I am using the AntiXss nuget package v4.3.0 to encode strings used in LDAP connections and queries. I am finding something that I don't understand: if I call

Microsoft.Security.Application.Encoder.LdapDistinguishedNameEncode("test-name")

I get the output

test#2Dname

while everywhere I search (ex here, here) or even in the RFC standard (as much as I can understand) it always says that the hyphen is NOT a character to escape.

Is there something I'm not getting or is this a bug of the library?

One of the RDNs in my LDAP tree has a hyphen in it ("CN=John Doe,DC=test-name,DC=net"), so this is a situation I have to handle.

That library doesn't seem to be much mantained nowadays, so it could be a real PITA.

Solution

Having a little look through the IL for this package, I can see that it does indeed encode a hyphen character (char 45).

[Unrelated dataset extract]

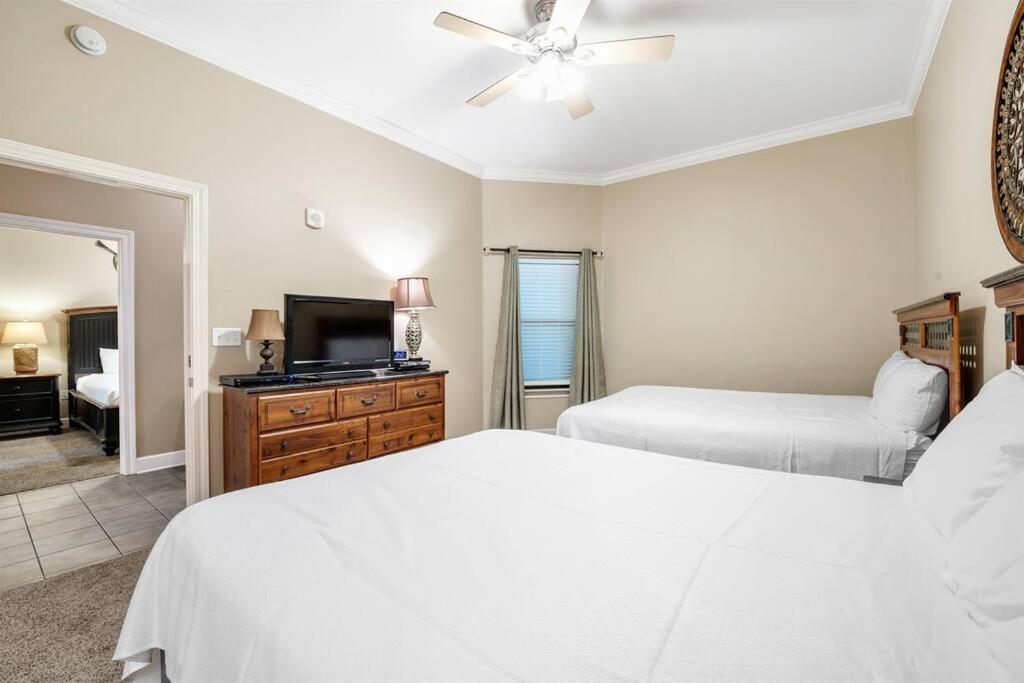 Phoenix West - 2207 - High-end Luxury Beachfront Apartment *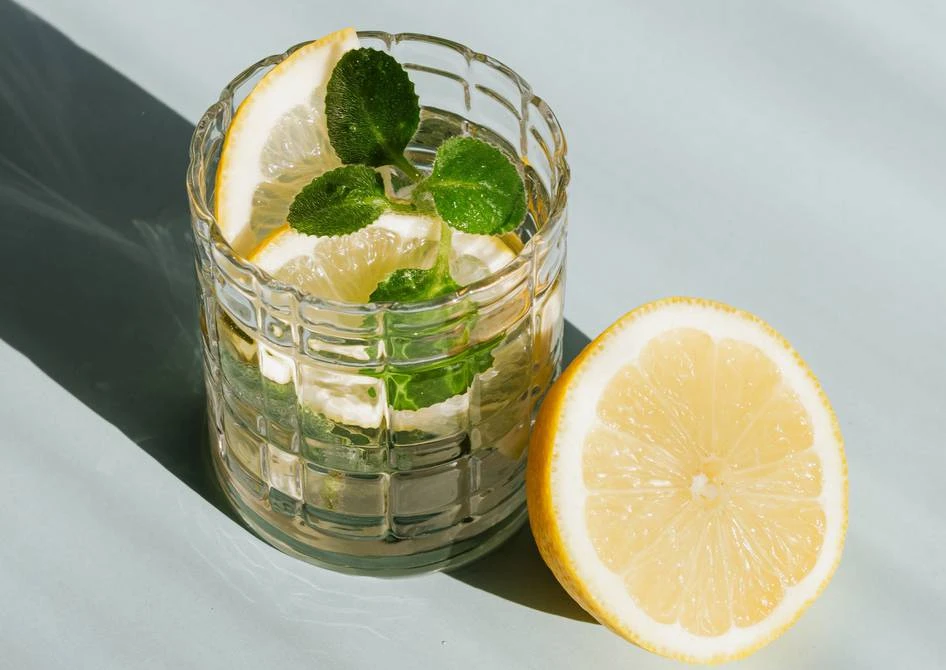 beneficios de tomar agua de limón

In fact, the following characters between 32 and 126 (inclusive) will all be escaped by LdapDistinguishedNameEncode:

33 = !
34 = "
38 = &
39 = '
43 = +
44 = ,
45 = -
59 = ;
60 = <
61 = =
62 = >
92 = \
124 = |

Why?

In the library, a series of characters are declared as 'safe', that do not require escaping. For some reason, the above characters have been explicitly excluded in LdapEncoder:

private static IEnumerable DistinguishedNameSafeList()
{
    for (int i = 32; i <= 126; i++)
        if (i != 44 && i != 43 && i != 34 && i != 92 && i != 60 && i != 62 && i != 38 && i != 33 && i != 124 && i != 61 && i != 45 && i != 39 && i != 59)
            yield return (object)i;
}

What to do?

Presuming you don't want to reimplement the code yourself that's in the library, I'd suggest that you could do a nasty bit of string replacement to correct this:

Microsoft.Security.Application.Encoder.LdapDistinguishedNameEncode("test-name").Replace("#2D", "-");

It feels a bit hacky, but if you want to retain the hyphen I don't see what other choice you have sadly.

RFC 4514

The RFC explicitly states characters that are escaped, such as:

a space (' ' U+0020) or number sign ('#' U+0023) occurring at the beginning of the string;

a space (' ' U+0020) character occurring at the end of the string;

one of the characters '"', '+', ',', ';', '<', '>', or '\' (U+0022, U+002B, U+002C, U+003B, U+003C, U+003E, or U+005C, respectively);

the null (U+0000) character.

However, it goes on to say:

Other characters may be escaped.

That somewhat vague statement would indicate that you could potentially expect escaping of any character.